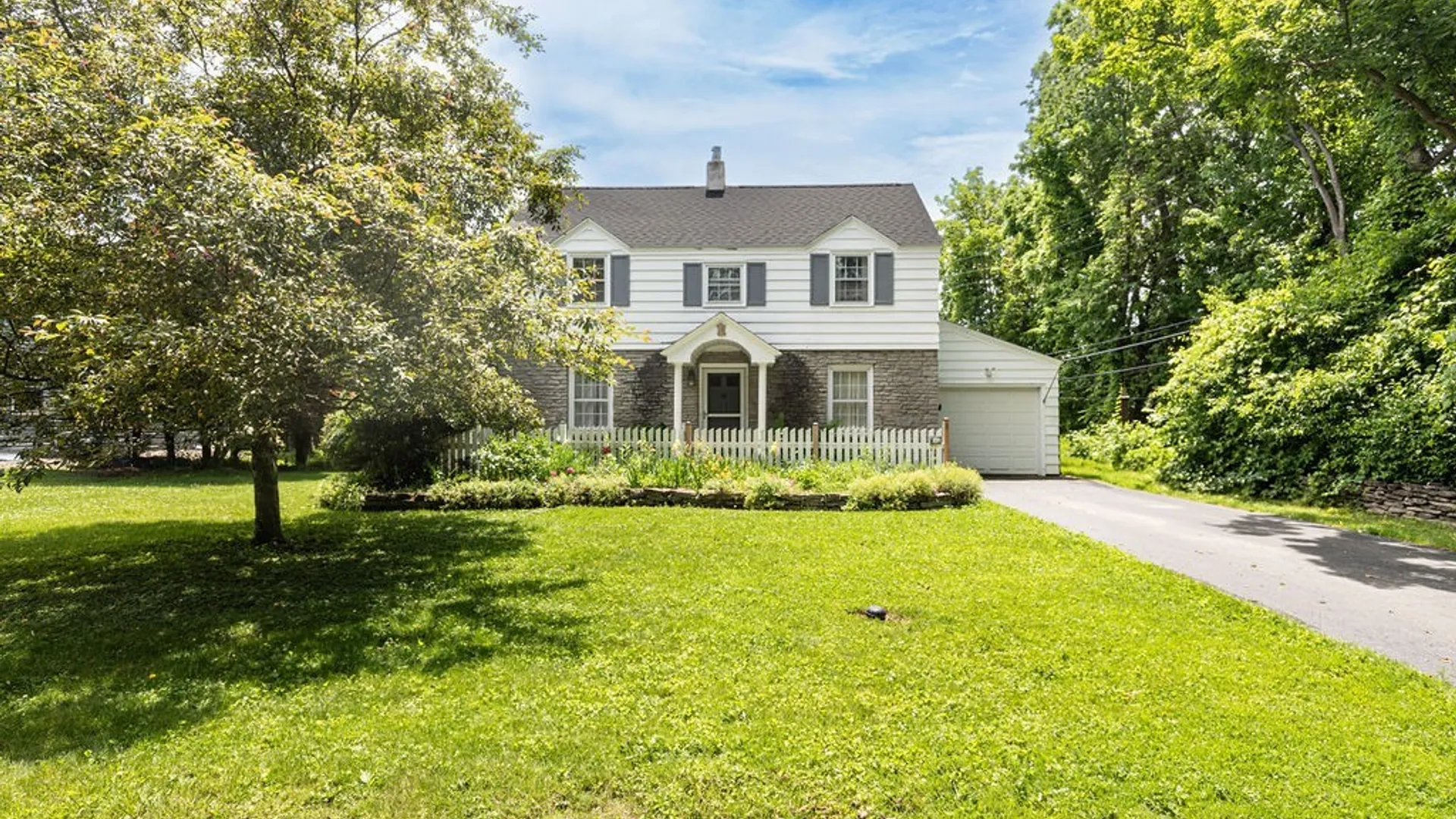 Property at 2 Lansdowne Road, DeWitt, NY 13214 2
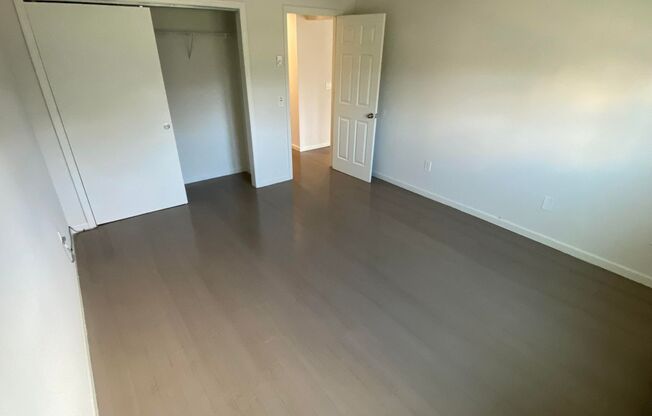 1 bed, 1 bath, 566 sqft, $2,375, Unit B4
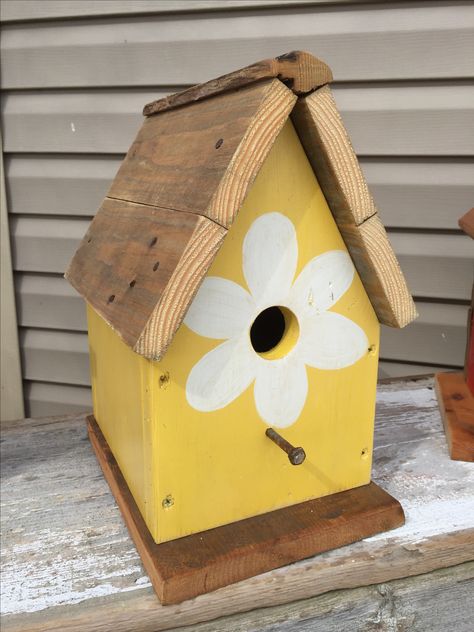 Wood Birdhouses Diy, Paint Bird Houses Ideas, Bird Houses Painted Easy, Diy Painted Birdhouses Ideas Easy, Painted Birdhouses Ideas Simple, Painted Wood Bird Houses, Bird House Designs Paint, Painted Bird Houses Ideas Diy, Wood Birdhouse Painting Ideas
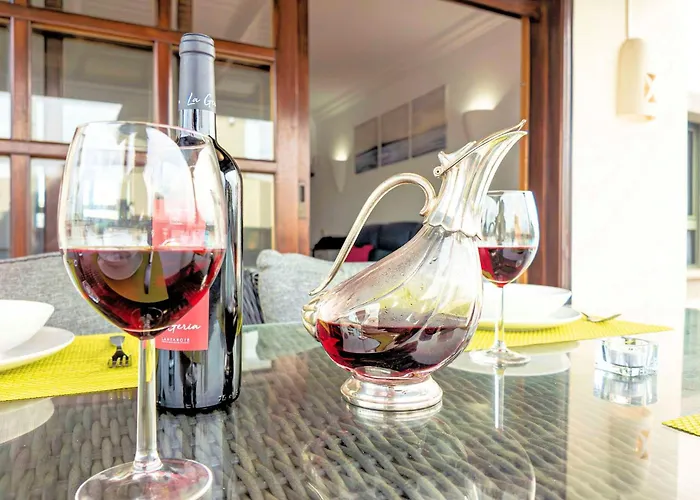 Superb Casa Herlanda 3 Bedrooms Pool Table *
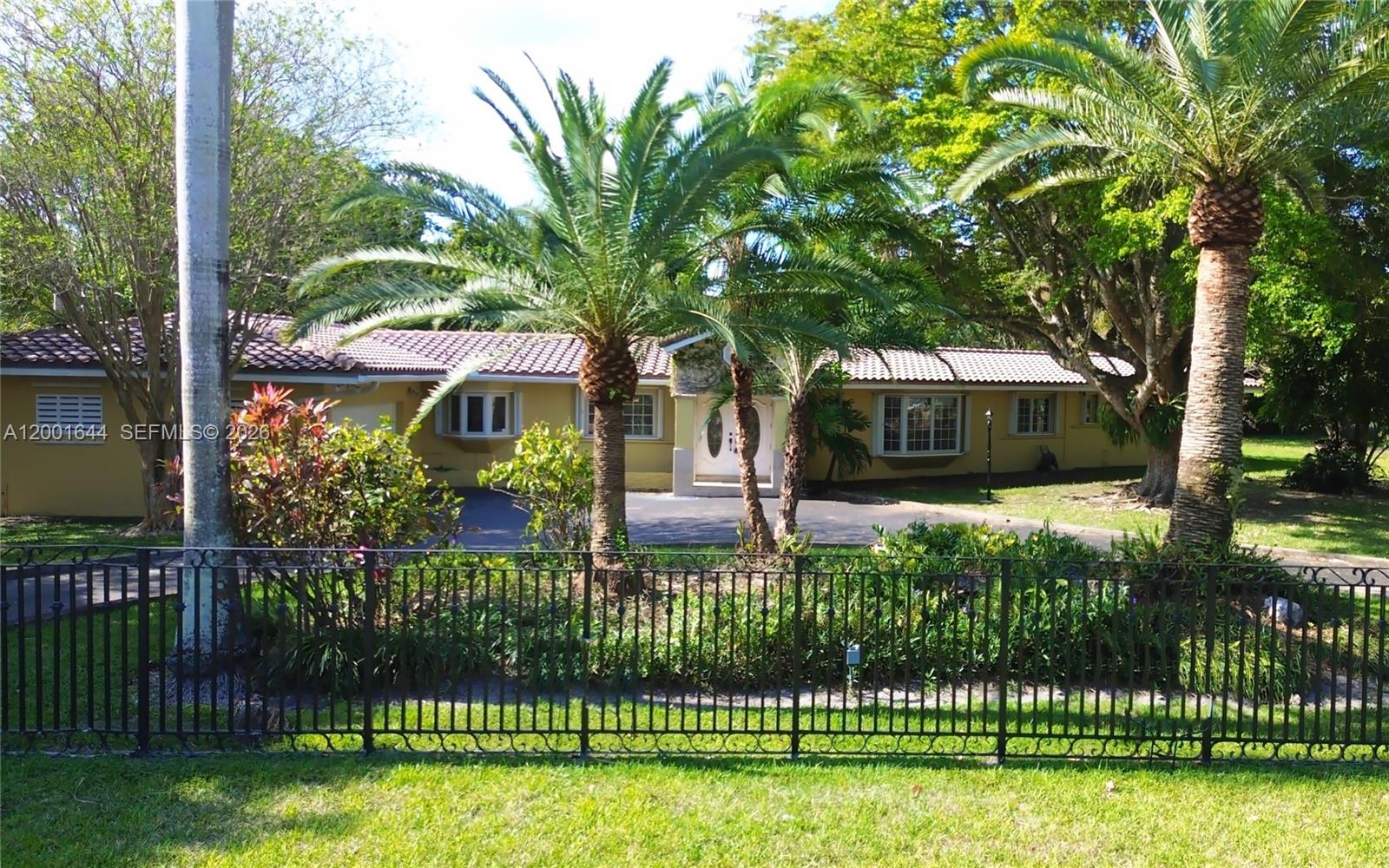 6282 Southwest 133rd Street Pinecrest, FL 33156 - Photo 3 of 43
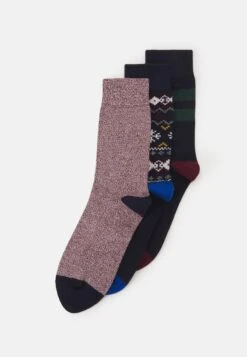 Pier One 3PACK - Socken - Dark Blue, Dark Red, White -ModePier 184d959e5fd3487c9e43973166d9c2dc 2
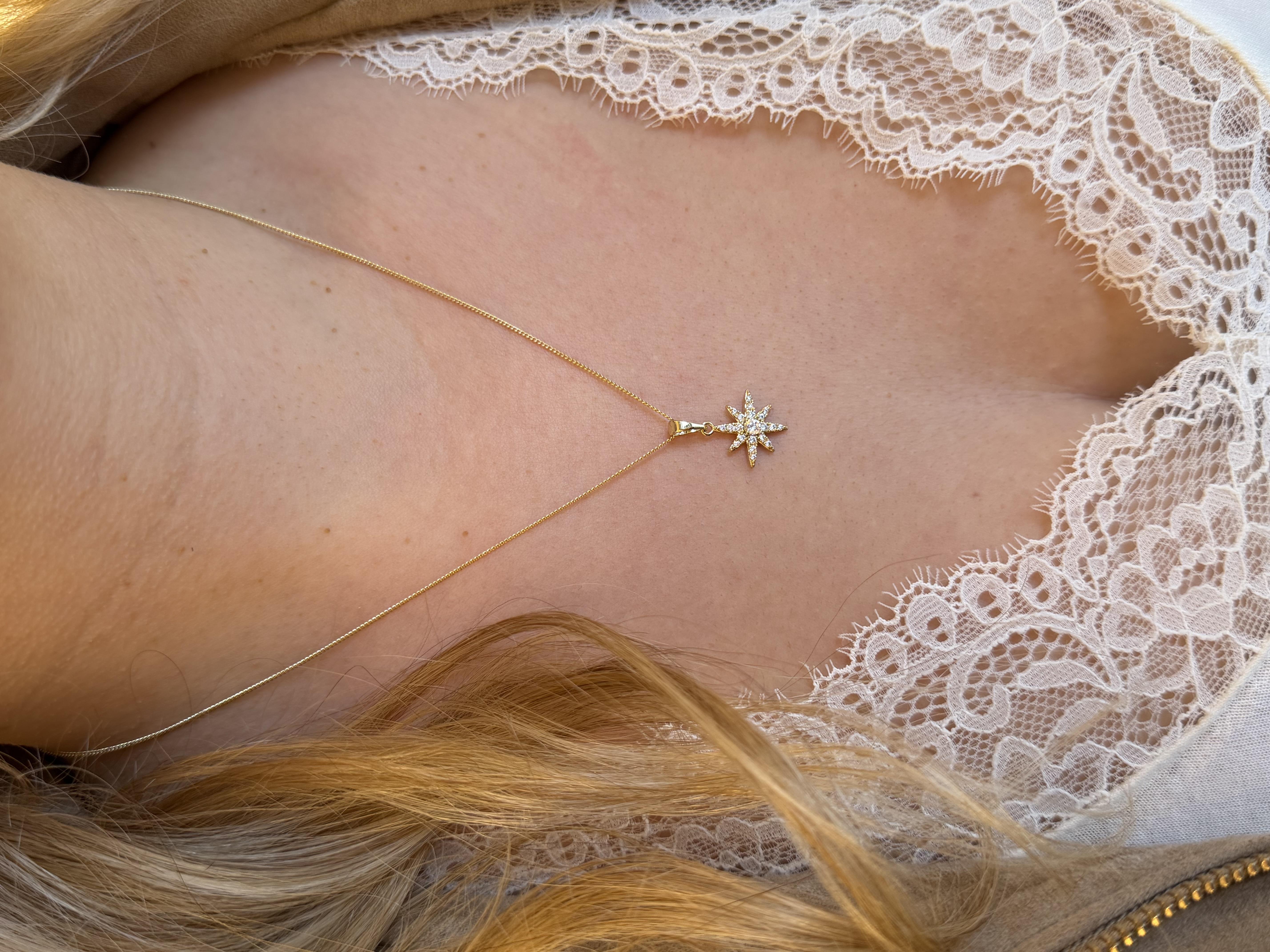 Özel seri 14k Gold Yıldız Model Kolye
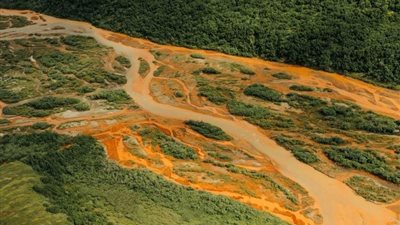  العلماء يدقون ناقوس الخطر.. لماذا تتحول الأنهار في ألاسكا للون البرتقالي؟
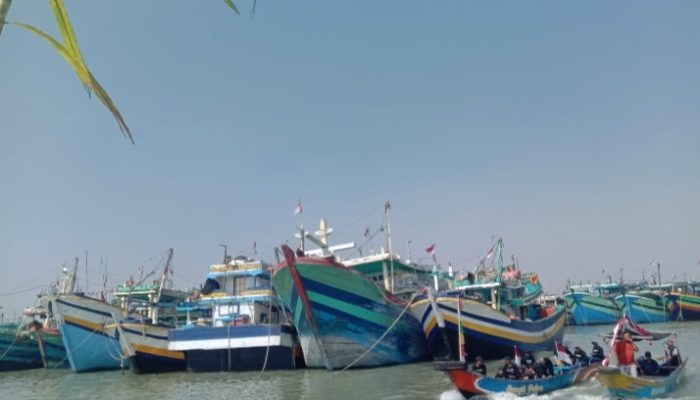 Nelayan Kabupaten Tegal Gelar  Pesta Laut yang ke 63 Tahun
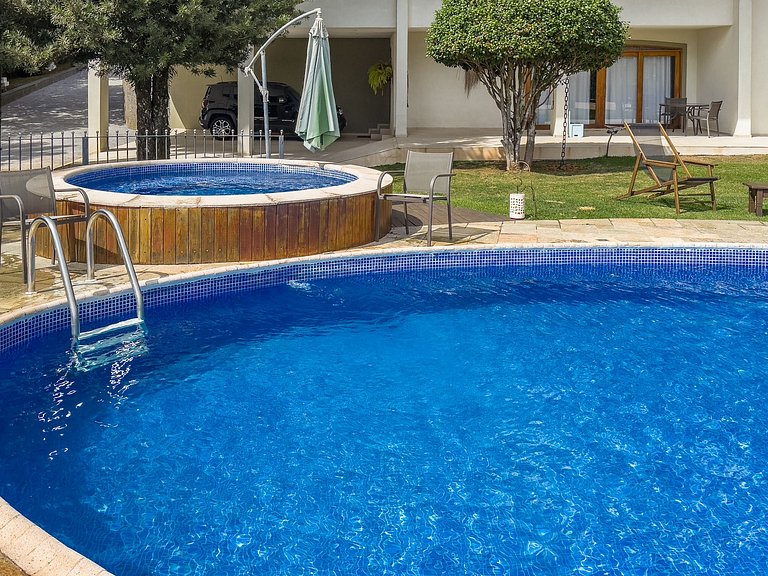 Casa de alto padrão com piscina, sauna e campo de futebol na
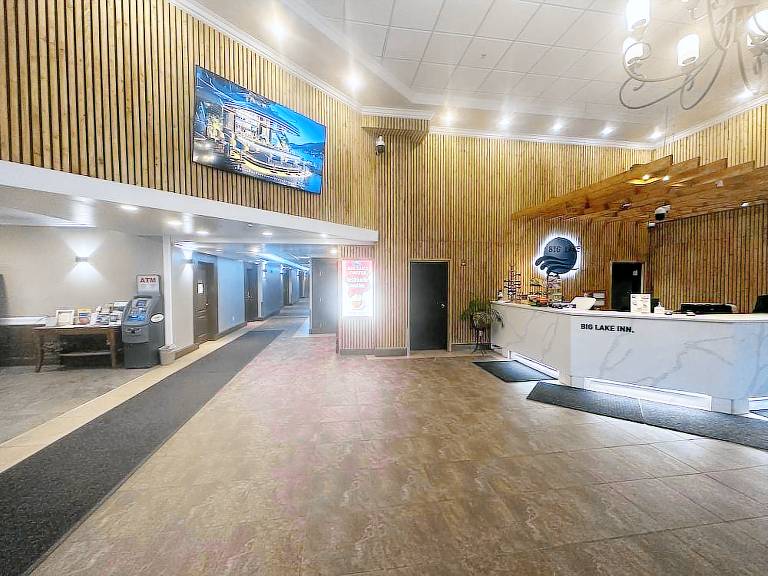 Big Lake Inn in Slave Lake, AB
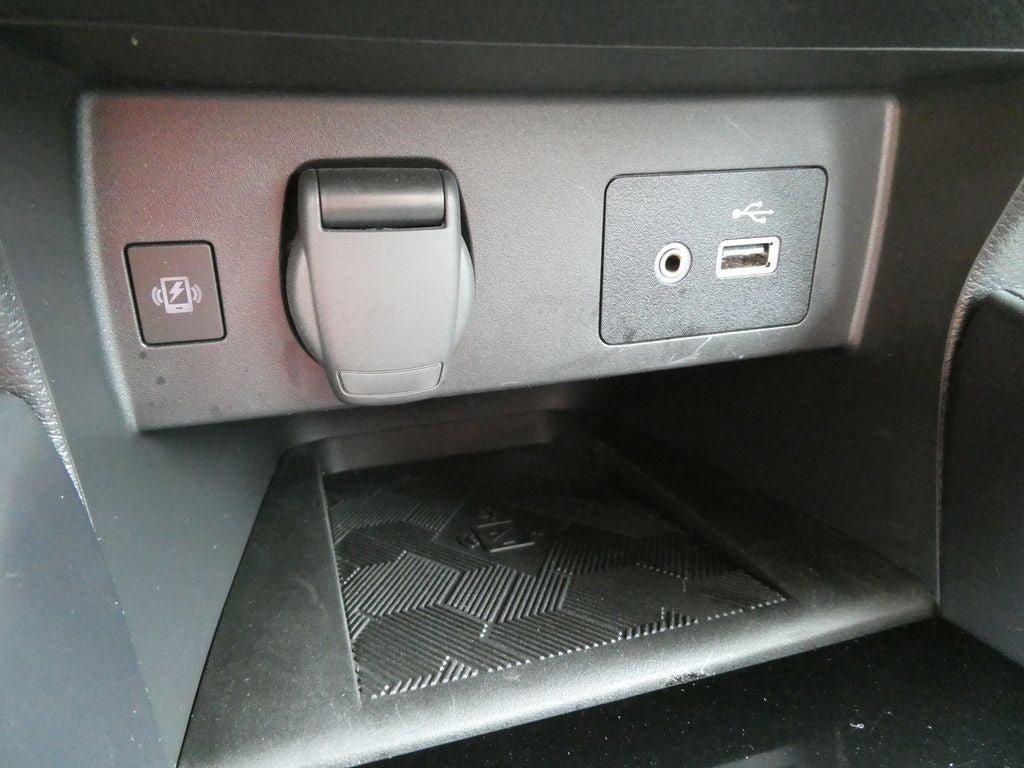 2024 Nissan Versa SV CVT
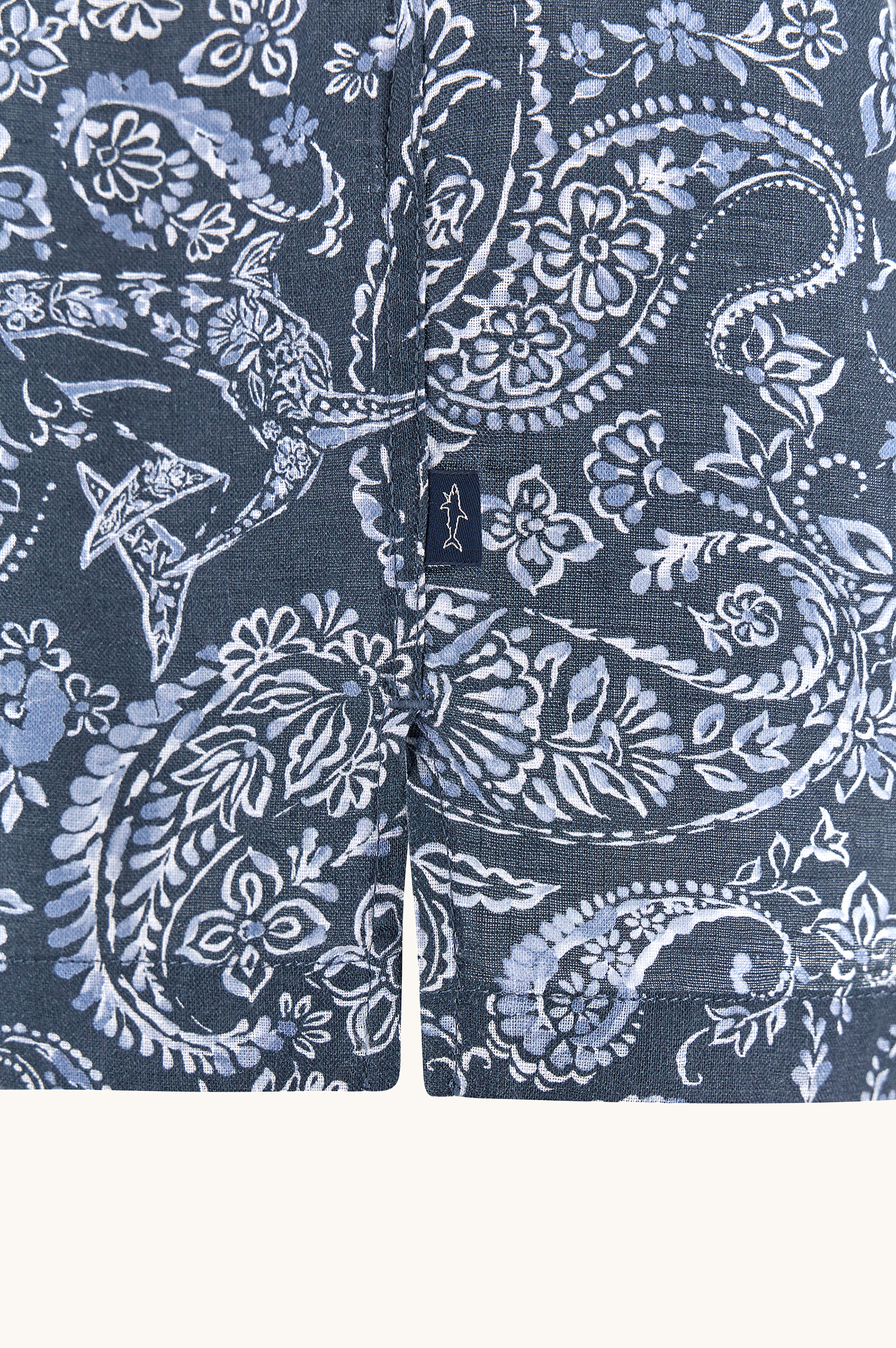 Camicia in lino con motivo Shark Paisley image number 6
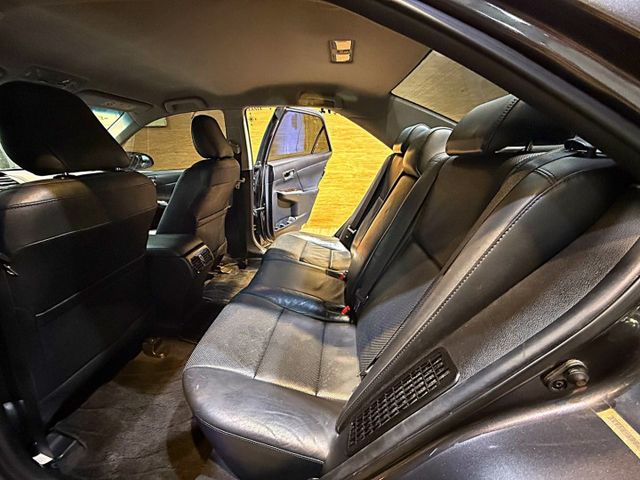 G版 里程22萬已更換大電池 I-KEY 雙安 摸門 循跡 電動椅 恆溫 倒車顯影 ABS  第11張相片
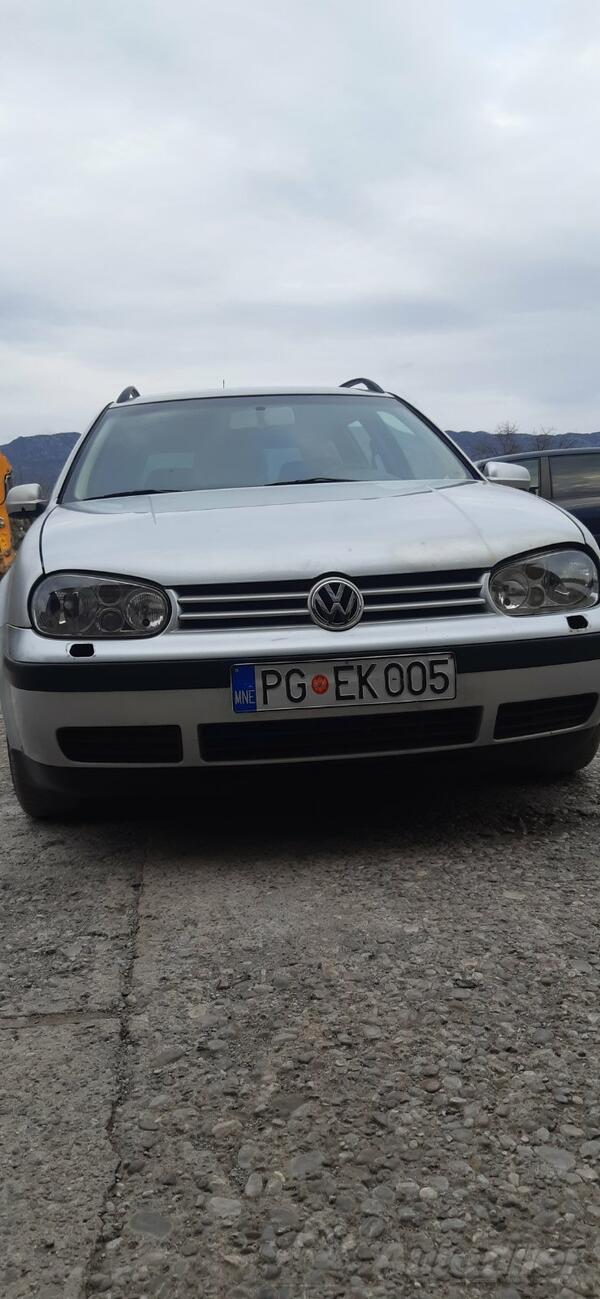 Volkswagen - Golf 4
········
## Task statement
Output exactly the lines from the one containing "Camicia in lino" through the last line of the records above, both included, and leave out the pictures.

## Finished task
 Camicia in lino con motivo Shark Paisley image number 6
 G版 里程22萬已更換大電池 I-KEY 雙安 摸門 循跡 電動椅 恆溫 倒車顯影 ABS  第11張相片
 Volkswagen - Golf 4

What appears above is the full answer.